21 Apr, 1999    ·   185

Lt. Gen A.M. Vohra argues that the recent missile tests conducted by India and Paksitan will not start an arms race but meet the required technical requirements and should not be clouded by rhetoric

“Breaking News”, the BBC termed the test firing by Pakistan of Ghouri II on 14 April as likely to fuel an arms race between India and Pakistan. This firing was in retaliation to India ’s testing its IRBM Agni II on 11 April. Therefore, it is necessary to put these missile tests in their correct perspective as nothing more than moves to achieve credibility to establish a minimum deterrent. This is the nuclear weapon strategy adopted by the two defacto nuclear weapon states (NWS).



The May 1998 tests at Pokhran and Chagai caused considerable dismay and anxiety the world over. The Security Council, the P5 and the G8 stipulated measures that India and Pakistan must take; the familiar ones being: one – carry out no further tests; two – sign and ratify the CTBT; three – join the FMCT negotiations; four – halt deployment of nuclear weapons; five – resume bilateral talks.



As Indo-US and US-Pak talks progressed it became clear that although India and Pakistan would not be given the status of NWS, there was no possibility of a roll back. The emphasis is on CTBT, FMCT, prohibitions on technology sale or transfer, and on strategic restraint.



To be taken seriously as de facto NWS, it is essential that both India and Pakistan weaponise and develop or procure reliable launch vehicles with adequate range, apart from aircraft. To achieve these requirements of credible deterrence, nuclear devices were tested at Pokhran and Chagai in May 1998. After these tests both countries have announced a moratorium on further tests and are considering signing the CTBT.



There was external pressure to hold back the missile tests necessary for the development of launch vehicles. The test firing of Agni-II carried out on 11 April was a technical necessity, which had been held back but was ultimately conducted.

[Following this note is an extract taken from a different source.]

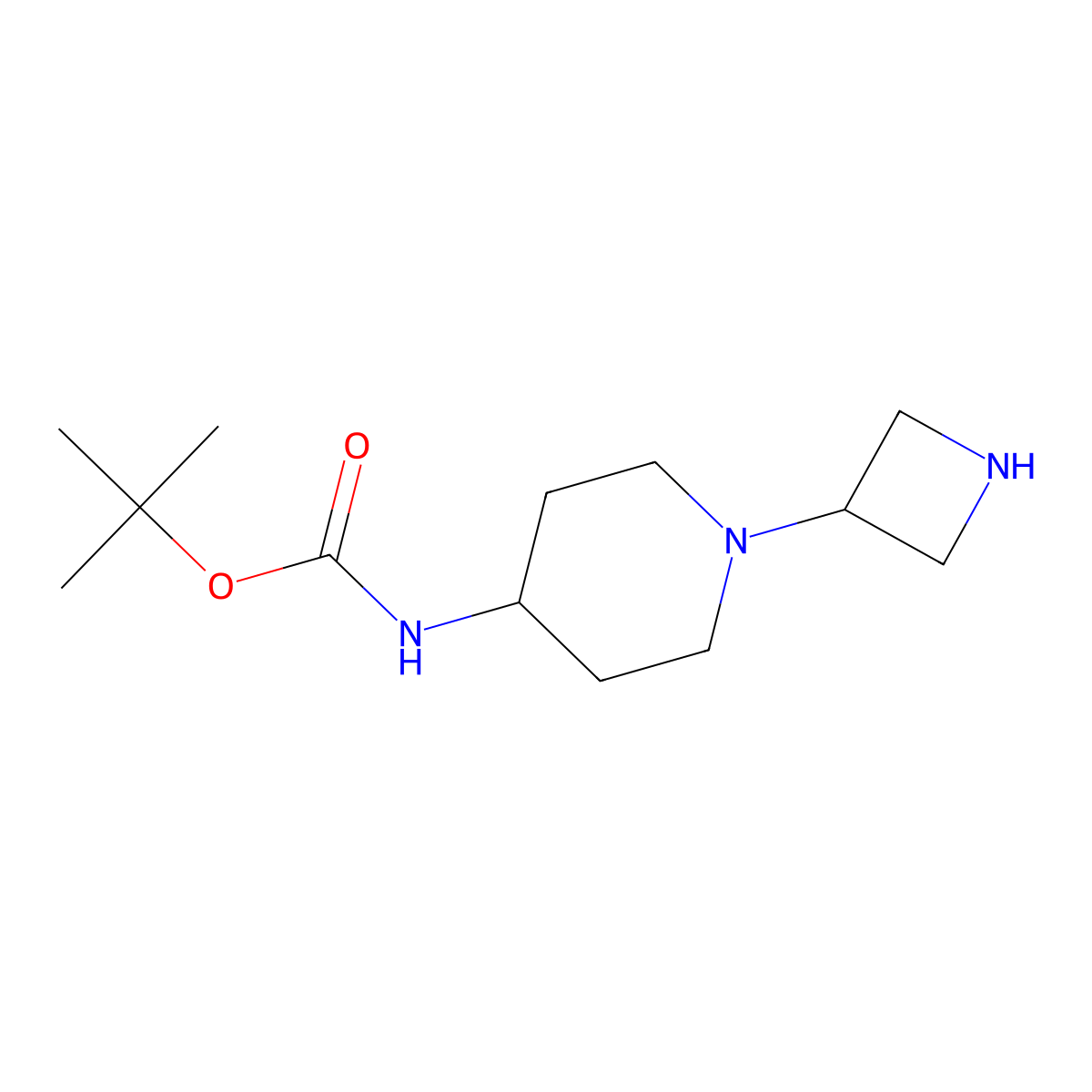 [1-(3-Azetidinyl)-4-piperidinyl]-carbamic acid 1,1-dimethylethyl ester molecular structure, CAS 178312-32-8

Indian Prime Minister Vajpayee proclaimed that it was “a defensive step and not for aggression against any country.”



Both India and Pakistan will complete the project initiated by the May tests within the limits of their declared strategy. India ’s purpose is deterrence-cum-retaliation as declared by Prime Minister Vajpayee, who has declared “No First Use.” He has also stated that India is committed to a minimum deterrent and will not indulge in an arms race.



The confidence building measures (CBMs) proposed by Pakistan at the October 98 Secretary level talks include – ‘acceptance of a minimum deterrent’ and ‘avoidance of  nuclear conflict.’ Writing in The Dawn of 20 March 98, General Ghulam Umar states, “neither country should go beyond minimum nuclear deterrence” and stresses that nothing justifies the use of nuclear weapons.



The recent tests will not start an arms race but meet the required technical requirements and should not be clouded by rhetoric. This only misleads the people of the subcontinent. For instance, Pakistan Foreign Minister, Mr. Sartaj Aziz, stated that the Agni-II test was a “negative development and inconsistent with the objective of peace and security.” Without the Agni-II tested and proven India will not have a credible deterrent against China and would be in a situation of nuclear asymmetry to the general detriment of peace and security.



As agreed in the ‘Lahore Declaration’ of 21 Feb 99, let nuclear doctrines be discussed and CBMs be evolved while measures are taken by both to make their nuclear deterrent credible.